From the line that contains "Vintage Round Steampunk" down to the last line of the data below, restate every line word for word, skipping any images.

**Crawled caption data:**
####################
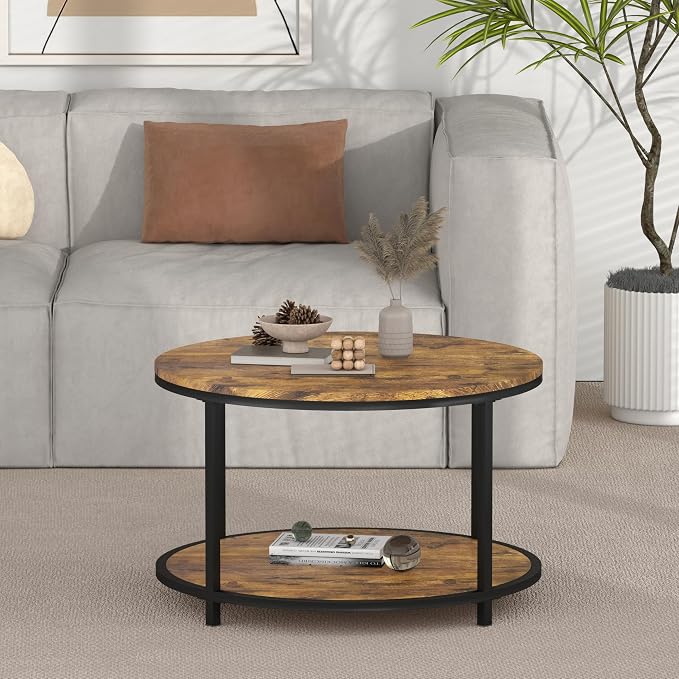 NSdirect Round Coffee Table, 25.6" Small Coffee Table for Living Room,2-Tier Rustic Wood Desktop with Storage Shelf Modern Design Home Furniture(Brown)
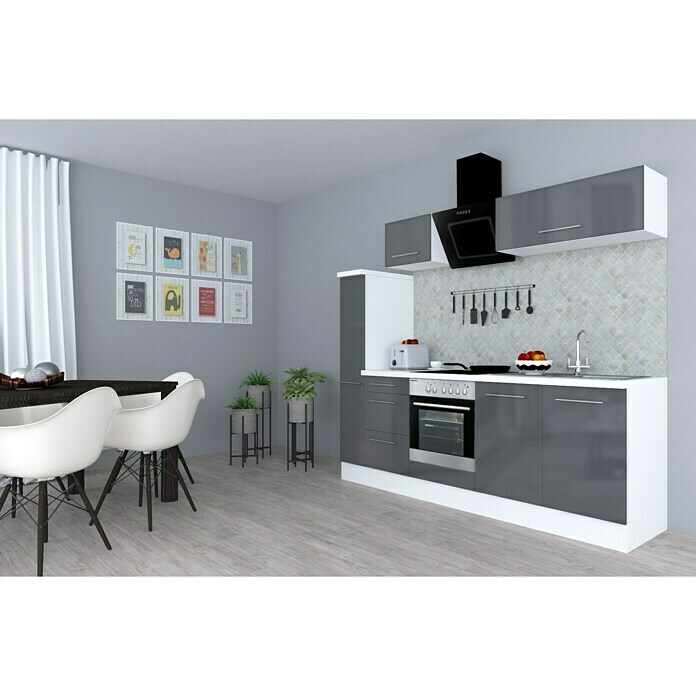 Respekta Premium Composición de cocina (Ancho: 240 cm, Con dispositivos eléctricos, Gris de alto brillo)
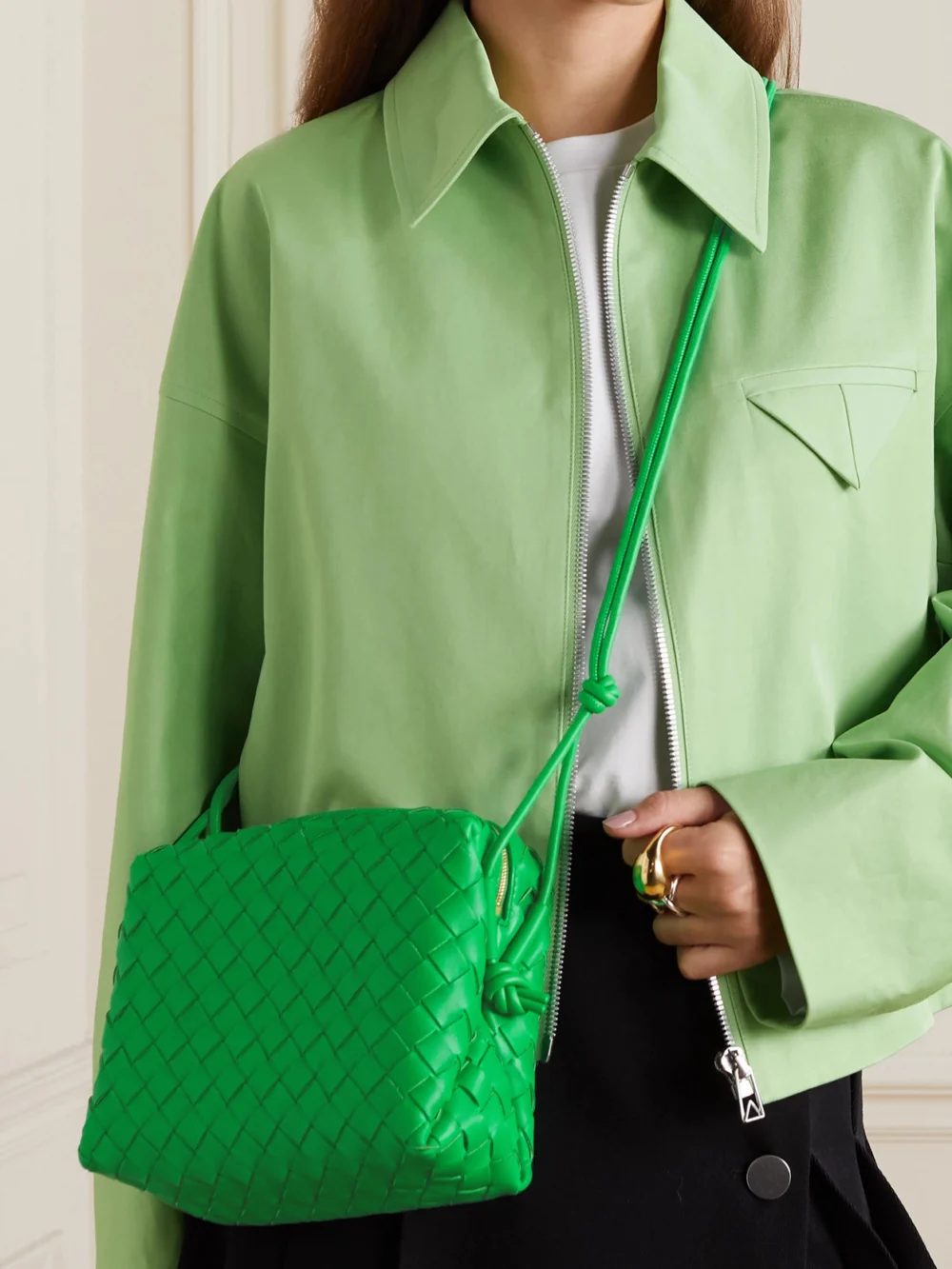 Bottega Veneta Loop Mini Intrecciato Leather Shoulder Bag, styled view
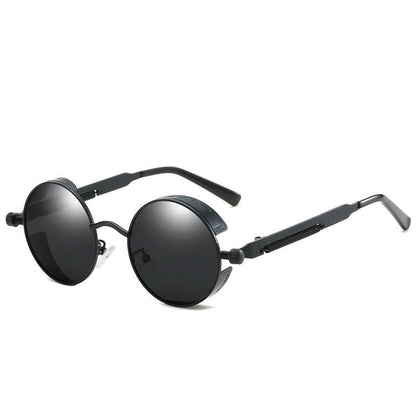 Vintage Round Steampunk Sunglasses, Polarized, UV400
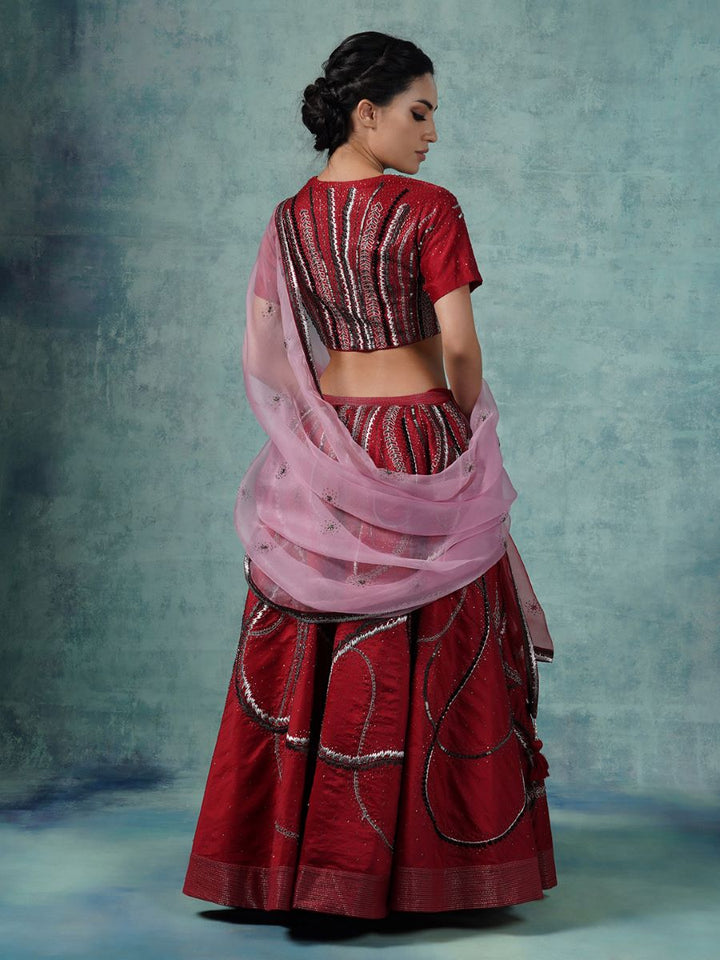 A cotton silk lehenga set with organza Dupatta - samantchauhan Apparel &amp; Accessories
####################
**RESPONSE:**
 Vintage Round Steampunk Sunglasses, Polarized, UV400
 A cotton silk lehenga set with organza Dupatta - samantchauhan Apparel &amp; Accessories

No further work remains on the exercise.